A few minutes later we were walking down Southwark, swinging our unlit lanterns.
“First the police are after us and now there is a reward,” I said, shaking my head. “Your bank accounts are frozen and half of London is out hunting for us. Nightwine’s behind this, too.”
“Aye. It’s no coincidence that the Irishman and I have both been brought low on the same morning.”
“Why don’t we catch up with Vic and find out what he’s heard?”
Barker has watchers all over London who provide him with goods and information, most of whom answer to the phrase “Barker sent me.” My least favorite among them was a street Arab and constant irritant that went by the name Soho Vic. As I understood it, he was a miniature Fagan, running a warren full of underage messengers in Whitechapel.
“That’s the last thing I want to do,” Barker countered. “Two hundred and fifty pounds might not be much to us under normal circumstances, but it’s a fortune for Vic. I don’t want to put him in the way of so much temptation, especially with the number of mouths he has to feed. Besides, people know he delivers messages for us and will be following him, hoping he’ll lead them to us.”

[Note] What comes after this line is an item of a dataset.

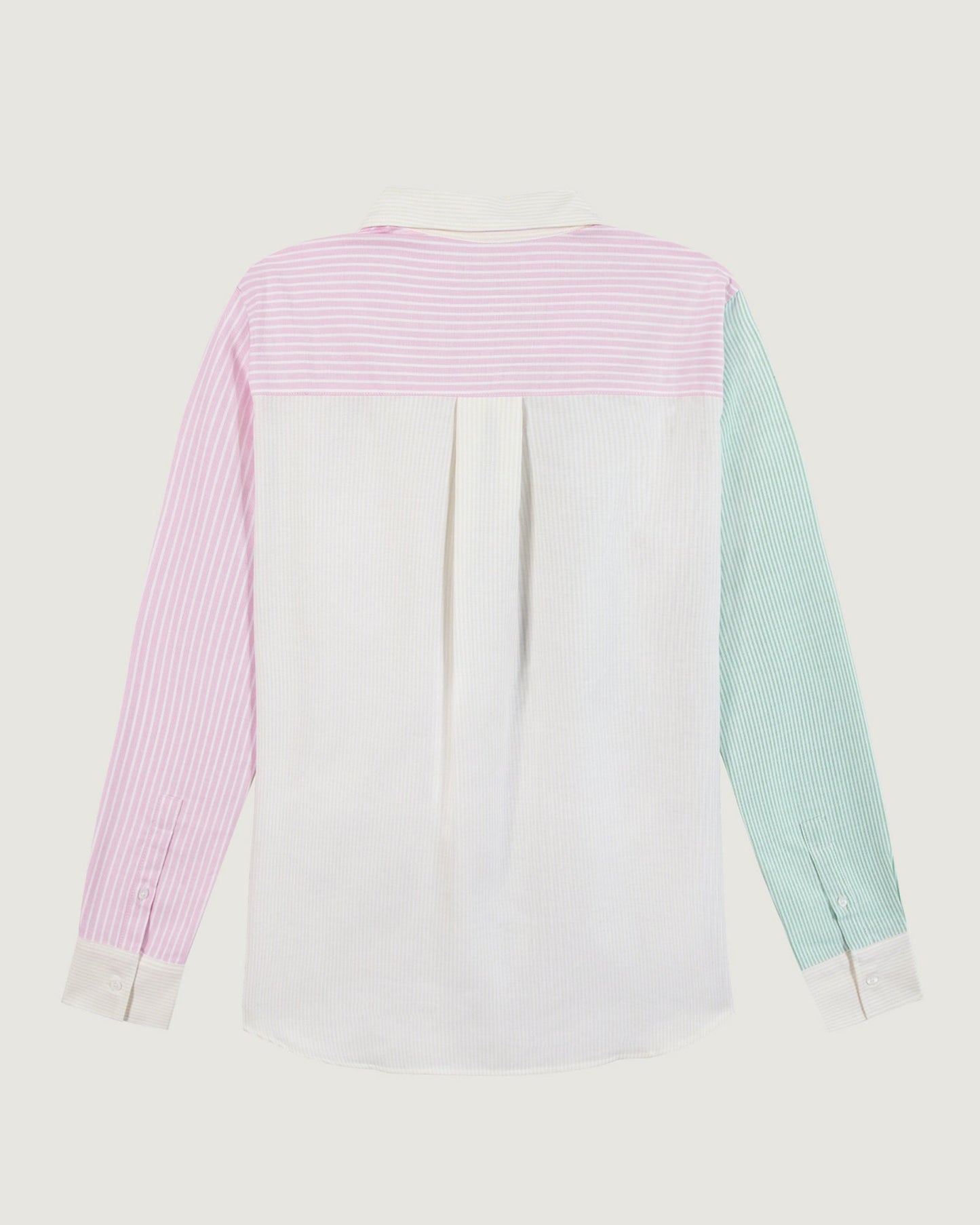 Chemise Loutil Oxford Coton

“So, we’re alone, then. Cut off from all effectual aid. Nightwine certainly knows what he’s about. What o’clock is it?”
“Nearly four,” he said, consulting his old repeater. I’d left my pocket watch back on my desk in Craig’s Court, the special one given to Barker by the Prince of Wales.
“If we were to have a pint at the right kind of public house, we might learn more about this reward.”
“Thomas, that is a canny suggestion, the first one you’ve made today. I know just the place.”
Ten minutes later we were sitting in a dark tavern with pint glasses in front of us. I was glad it was dark so I couldn’t see how dirty the table was, or what was crawling about underfoot. I was also relieved I hadn’t ordered any food, even though we’d missed lunch. I’d hoped for a better class of public house, but understood that matters such as a rumored reward would be more likely to be discussed openly in a tavern like this one in George Street, which was called the Regency Buck.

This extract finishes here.